Written by Jamie Downes (@JamieDownes11)
With his 4th place in Mexico City last weekend, Lewis Hamilton assured his place in F1 legend.
The Briton’s 5th world drivers championship elevated him above the likes of Ayrton Senna, Sebastian Vettel and Alain Prost. Hamilton now stands shoulder to shoulder with Juan Manuel Fangio.
Michael Schumacher’s record of 7 WDC’s, once thought of as unobtainable, is now tantalisingly close for Hamilton. But how did he bring home trophy number 5?
Despite the unquestionable power of the Mercedes car, this season was not a leisurely for Hamilton, not at all. In fact, after Vettel’s victory at the Belgian Grand Prix, the Briton was arguably the underdog for the championship.
Through impressive technical development and research, in Belgium the Ferrari was on par, if not faster, on the straights than the Mercedes. Although in the end a second place finisher by some distance, Sebastian Vettel put in some impressive performances throughout the year.

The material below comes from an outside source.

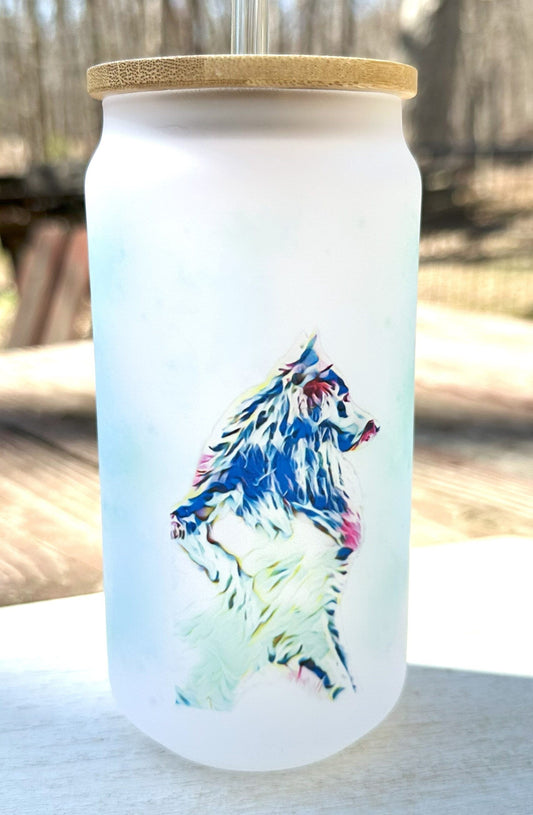 Belgian Sheepdog Frosted Glass Beer Can Mug, 18oz Glass Spill Proof Cup
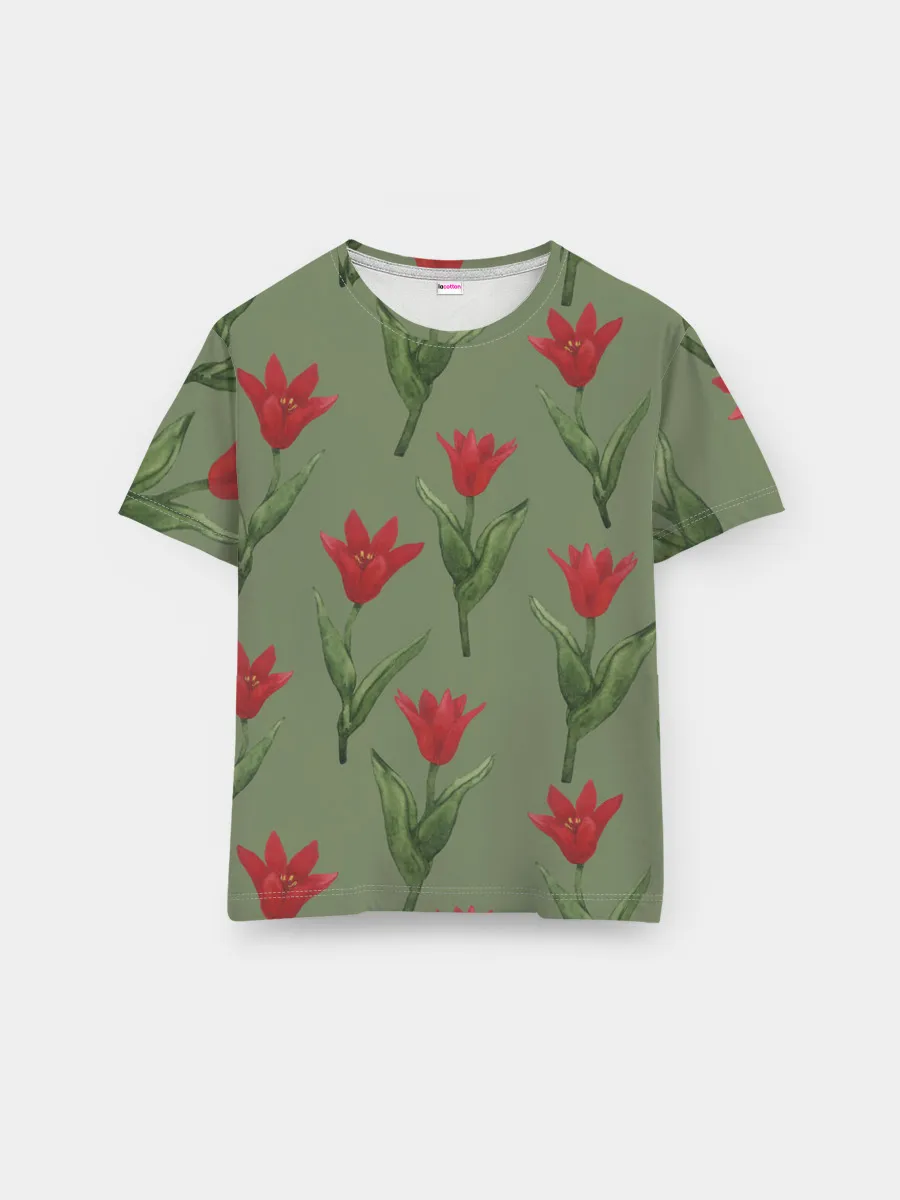 Мужская базовая футболка / Красные тюльпаны на зеленом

As much as Hamilton’s talent contributed to his 5th world title, Ferrari themselves played a part in their own downfall. Ever since Belgium, each race has been one blunder after another.
Whether it was having the wrong driver on pole in Monza (Raikkonen, not Vettel), illegitimate calls over tires and pit stops, or simply underperforming in terms of speed, the latter part of the season has been a disaster for the team from Maranello.
Vettel too, has needlessly thrown away championship points. The German Grand Prix, when Vettel spun off and out of the race while comfortably leading, is a prime example of a lack of consistency from the ex-world champion.
Through it all, Hamilton’s experience and talent allowed him to achieve performances that really shouldn’t have been possible. In Hungary, in torrential rain, Hamilton’s wet weather brilliance allowed him to qualify on pole, and take the resulting victory.
In Singapore during qualifying, a track where Mercedes are known to be weak, Hamilton produced a lap of sheer mesmeric quality, that his race engineer Peter Bonnington (only half jokingly) described it as one of the greatest in Formula One history. Second place Valterri Bottas in the sister Mercedes was 0.7 seconds off Hamilton. There was said to be stunned silence in the Mercedes garage as the lap time was registered.
Conversely, Hamilton has also played it cool this season. Fighting battles only if they need to be fought, staying (mostly) out of the way of danger. Allowing himself to be passed for podium positions in Mexico was a prime example of this mature approach to racecraft. Hamilton knew he only needed 7th or better for the title, so why fight?
At 33 years of age, Hamilton has a lot of time left in Formula One. Despite his jetsetting Hollywood lifestyle, his passion for the sport has clearly not diminished. If he can maintain this level of performance, and Mercedes maintain their status as the team to beat, Schumacher’s record of seven championships could be in very grave danger.